CMでは会議中にわからない横文字言葉をこっそり机の下で検索していて見つかってしまうのですが、そうやって恥をかくところまではいかなくても、知ったかぶりがいつ露見するかとそわそわしながら会議に参加したことがある方は多いのではないでしょうか。(もちろん私も漏れなくそのひとりです)

ちなみにこのCMは「保険はわからないことが多いだろうから、ここに相談に来てくださいね」というオチがついています。

そしてまさにこの状況が、今回お話したいことの出発点です。

なぜ専門用語を使わない方がいいのか、それは、理解できない話をする人を相談相手に選ぶことはないからです。

どの業種業態の仕事であっても、相談相手に選んでもらうこと、つまり顧客の本音を知り、よき理解者になることが大切ということは、こんなところで言われるまでもなくご存知のことだと思います。
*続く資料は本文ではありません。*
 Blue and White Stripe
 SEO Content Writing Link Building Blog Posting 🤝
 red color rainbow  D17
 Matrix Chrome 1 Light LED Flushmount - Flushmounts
(もしかしたら、仕事の枠を越えてプライベートでも重要なことかもしれません)

それなのになぜ専門用語を使ってしまうのかどうすれば使わずに伝えることができるのかを紐解いていきましょう。

◎専門用語「でしか」説明できないだけ

◆本当に理解していますか

人前で、自分以外の誰かが作った資料のプレゼンテーションをしたことはありますか?

ないぞという方は、ネットに転がっている誰かのコラムとか、例えばそれこそこの記事の内容を誰かに向かって説明してみてください。
大切なのは、脳内シミュレーションで終わらせるのではなく実際に口に出して話すことです。

試してみると、自分が作った資料を説明するときよりも難しいと感じる方が多いのではないでしょうか。

これは、理解度の違いです。

「知っていることと理解していることは違う」と言ったりしますが、まさにそうで、単にインプットしただけの他人が作った資料よりも、考えをめぐらせながらアウトプットした自分作の資料では、理解度が大きく違います。
そして、理解できていない資料を説明しろと言われると「書いてあることをそのまま読み上げるだけ」になってしまいます。
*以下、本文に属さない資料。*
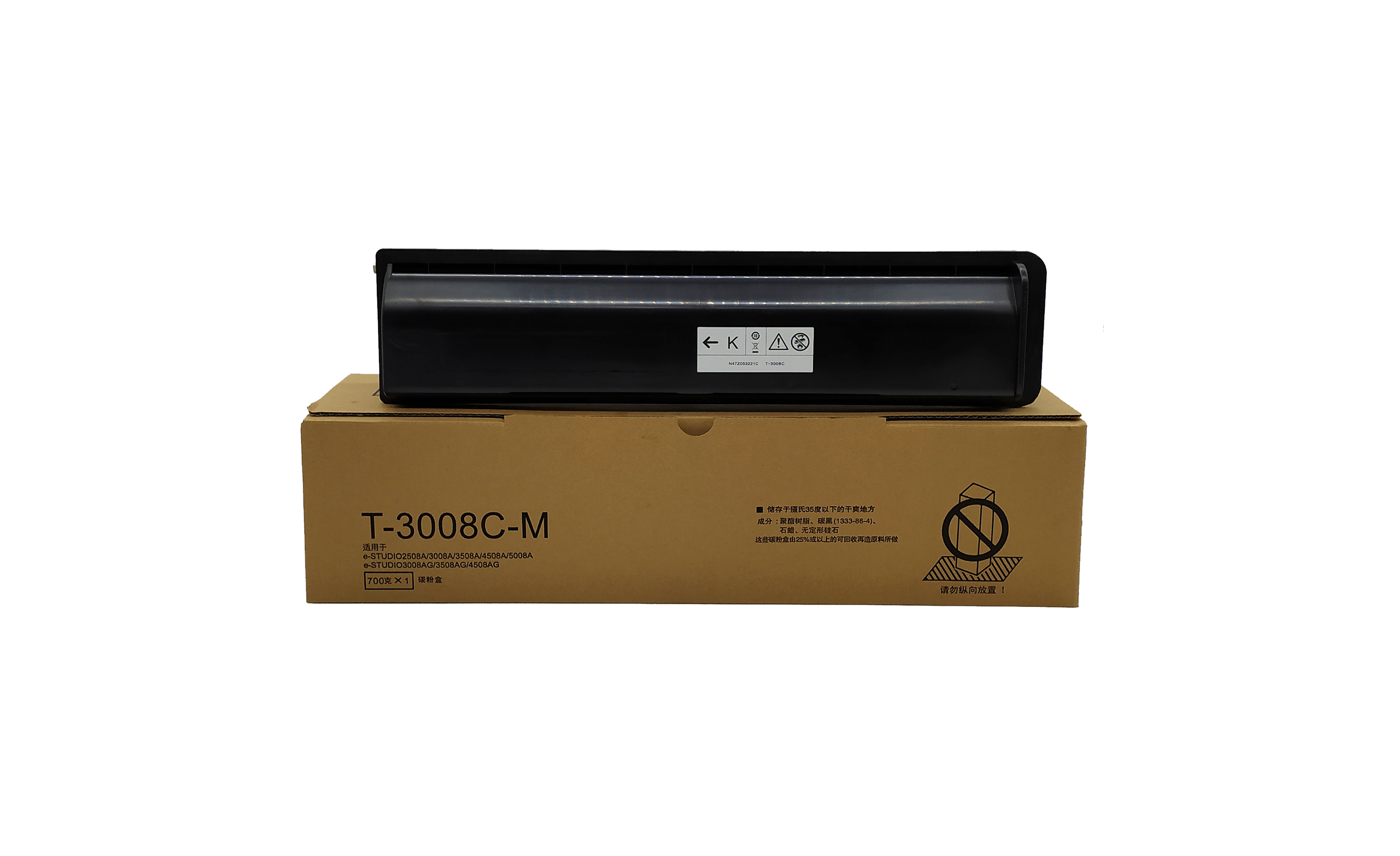 Toshiba T3008WW 2508A 3008A 3008AG 3508A 3508AG 4508 4508AG 5008A compatible Toner Cartridge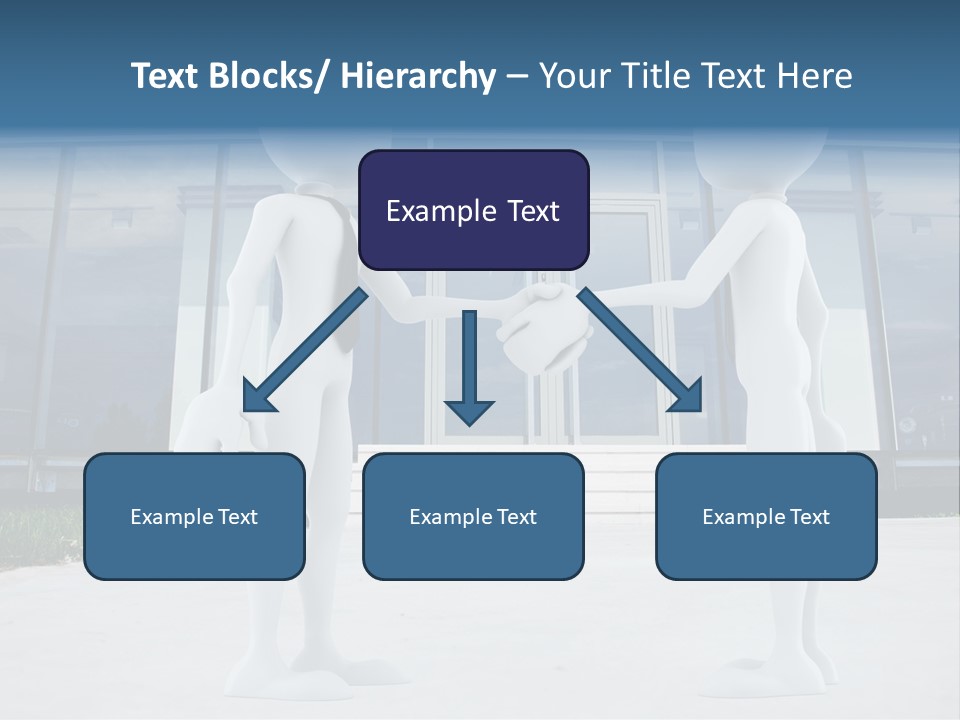 Concept Businessman Corporate PowerPoint Template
一方、仕事をする中で使うようになった専門用語というのは大概「周りの誰かが使っている影響を受けて自分も使うようになった言葉」で、よくよく自問してみると、なんとなくのニュアンスでしか知らなかったりします。

なのでつい、噛み砕いた表現に変えることができずに、用語をそのまま使って済ませてしまう、というわけです。

相手の反応をよく見ましょう

ここまでお話してきた内容をひっくり返すようなことを言いますが、専門用語を全く使わない方が良いとは思っていません。
説明すると冗長になる概念を端的に表現している言葉だったりすることも多いので、使いこなすことができるのであればとても便利です。
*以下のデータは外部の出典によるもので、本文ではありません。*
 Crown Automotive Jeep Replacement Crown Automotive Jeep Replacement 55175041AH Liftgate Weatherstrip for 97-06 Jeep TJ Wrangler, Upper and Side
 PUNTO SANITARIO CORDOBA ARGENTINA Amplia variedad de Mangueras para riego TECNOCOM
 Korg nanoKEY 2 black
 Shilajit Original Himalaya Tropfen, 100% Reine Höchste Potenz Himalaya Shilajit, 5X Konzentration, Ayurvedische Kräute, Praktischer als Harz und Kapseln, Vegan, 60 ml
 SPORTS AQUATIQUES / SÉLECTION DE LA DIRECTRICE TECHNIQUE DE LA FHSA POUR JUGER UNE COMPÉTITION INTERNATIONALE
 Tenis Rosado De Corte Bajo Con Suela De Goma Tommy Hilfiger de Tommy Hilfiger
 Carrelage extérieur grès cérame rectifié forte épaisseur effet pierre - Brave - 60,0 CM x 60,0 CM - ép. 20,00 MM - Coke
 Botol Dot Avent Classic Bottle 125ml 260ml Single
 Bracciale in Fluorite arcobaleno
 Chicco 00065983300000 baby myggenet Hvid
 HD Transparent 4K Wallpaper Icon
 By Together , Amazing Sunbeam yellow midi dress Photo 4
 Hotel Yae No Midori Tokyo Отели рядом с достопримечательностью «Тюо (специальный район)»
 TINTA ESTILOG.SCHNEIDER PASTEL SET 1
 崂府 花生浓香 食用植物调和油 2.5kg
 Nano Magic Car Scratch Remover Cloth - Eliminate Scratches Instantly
ポイントはやはり、自分も相手も充分意味を理解しているか、という点です。

実はよくわかっていないことを話すとき、わかっていないことがバレてしまわないかドキドキしませんか?

ドキドキして冷静さを失っていると、相手がどういうリアクションをしているのかを見る余裕がなくなります。
相手も、このくらいの用語もわからないのかと思われたくなくて、本当はよくわからないということを隠そうとしてしまいがちなので、ますます「伝わっているのか」に気がまわらないまま話が進んでしまいます。
そしていざ納品という段になって「こんなものができあがるなんで聞いていない」となるわけです。

◎伝わりやすく説明する

◆恥ずかしがらず億劫がらずに調べましょう

さて、本当は意味を理解していない時や、相手が理解しているかどうかに気づく余裕がない時に、ついつい専門用語を並べてしまう、という話をしてきました。
原因を整理すると、対策は一目瞭然ですね。

恥ずかしがらず、億劫がらずに、意味を調べて理解を深めましょう。

ネットを駆使して検索したり、社内の知見者に教えてもらったり、方法はいろいろあります。
ちょっと調べてみるだけで思ったより思考がクリアになって、簡単な言葉で説明できるようになりますよ。

◆例え話をしてみましょう

専門用語の意味を自分では充分理解して、簡単な言葉で説明できるようになったのに、相手にはいまいち伝わらない。
こんな悩みを持っていらっしゃるとしたら、相手が得意な分野での例え話をするのが効果的かもしれません。

例えば、飲食店のオーナーさんが自分のお店のホームページを新しく作りたいと依頼してきたとします。
お店のこたわりや頻繁に入れ替わる季節のメニューをホームページに掲載して集客のための情報発信をしたいと思っていて、WEBに関する知識はほぼゼロ、そんなクライアントに、どう説明しながら制作を進めたら良いでしょうか。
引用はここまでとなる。